The maximum length specification seems to have an off-by-one-error, so it's actually one longer than the number you specify.

Let me know if that fixes it for you.

Lili1228 commented 3 years ago

It fixed my problem, thank you!

Lili1228 commented 3 years ago

Reopening because while the previous thing was rather insignificant and fixable, this is definitely bad:

Python 3.7.3 (default, Jul 25 2020, 13:03:44) 
[GCC 8.3.0] on linux
Type "help", "copyright", "credits" or "license" for more information.
>>> import cutlet
>>> x=cutlet.Cutlet()
>>> x.romaji("McDonald's")
"McDonald ' s"

I use Cutlet combined with Text-to-Speech and no English voice synthesizer is able to pronounce this correctly with spacing like that.
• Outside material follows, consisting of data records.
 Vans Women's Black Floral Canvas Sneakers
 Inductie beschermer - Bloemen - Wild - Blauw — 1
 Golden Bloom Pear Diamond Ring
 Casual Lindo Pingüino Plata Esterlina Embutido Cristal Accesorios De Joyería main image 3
polm commented 3 years ago

Ah, good catch, I'll look at fixing that.

polm commented 3 years ago

This should be fixed in the latest version, please confirm if it works for you.
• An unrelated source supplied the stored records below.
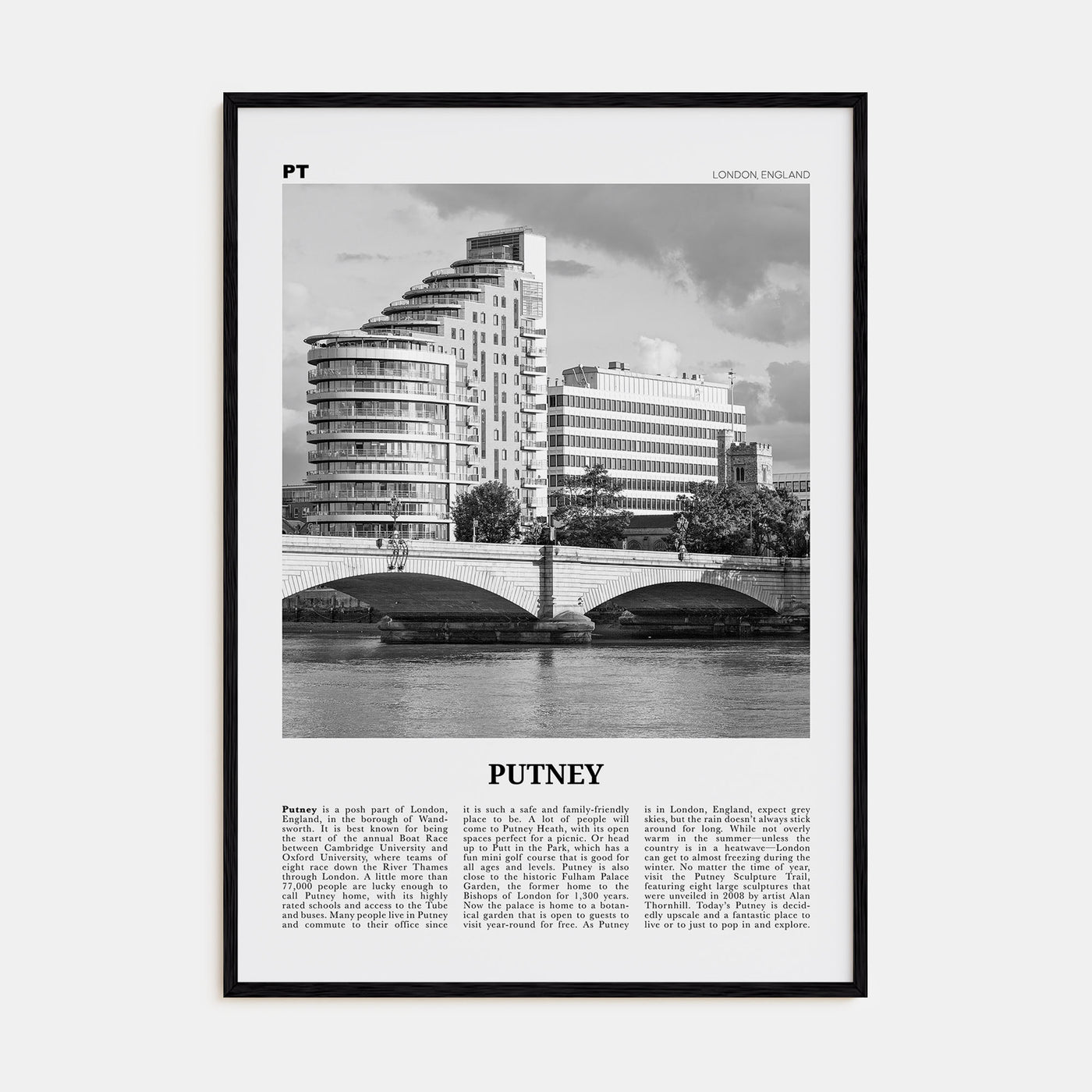 Putney Travel B&W Poster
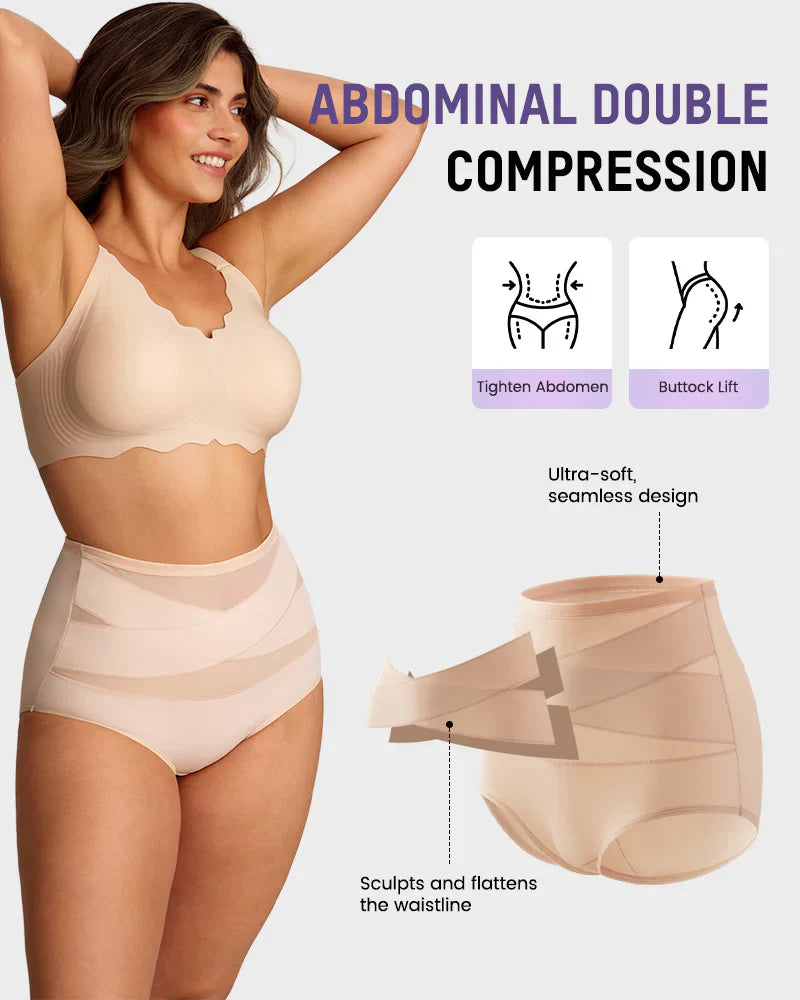 🌸Last Day-Buy 1 Get 4 Packs✨Plus-Size High-Waist Cross Tummy Control Panties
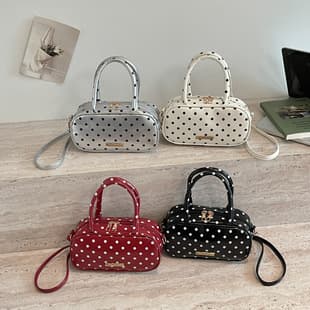New Niche Handheld Pillow Bag for Women, Korean Cute Polka Dot Handbag 2026 Single Shoulder Crossbody Bag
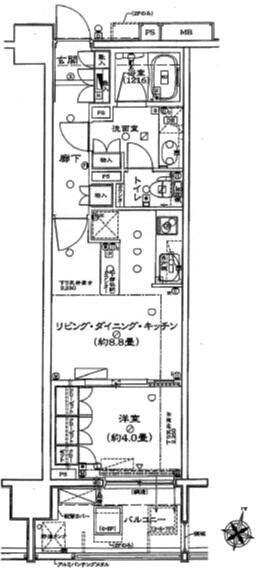 グローリオ新中野ブランデコ(1LDK/5階)の間取り写真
I also looked at handing quotes in general, for sentences like It's 'delicious.' but that ended up being much more complicated, partly because MeCab sticks punctuation together. Since cutlet isn't really designed to take already-English input like that anyway I'm treating it as out of scope.

Lili1228 commented 3 years ago

It works only if it's the only word:

Python 3.7.3 (default, Jul 25 2020, 13:03:44) 
[GCC 8.3.0] on linux
Type "help", "copyright", "credits" or "license" for more information.
>>> import cutlet
>>> x=cutlet.Cutlet()
>>> x.romaji("McDonald's")
"McDonald's"
>>> x.romaji("text McDonald's text")
"Text McDonald ' s text"

polm commented 3 years ago

Ah, that's embarrassing, but I think I found the issue. Should be fixed in master, I'll release a test alpha tomorrow.

polm commented 3 years ago

Should be fixed in alpha now, please confirm.

pip install cutlet==0.1.17a2

Lili1228 commented 3 years ago

Works well, thank you!

polm commented 3 years ago

Great, thanks for the confirmation, I'll make a release shortly.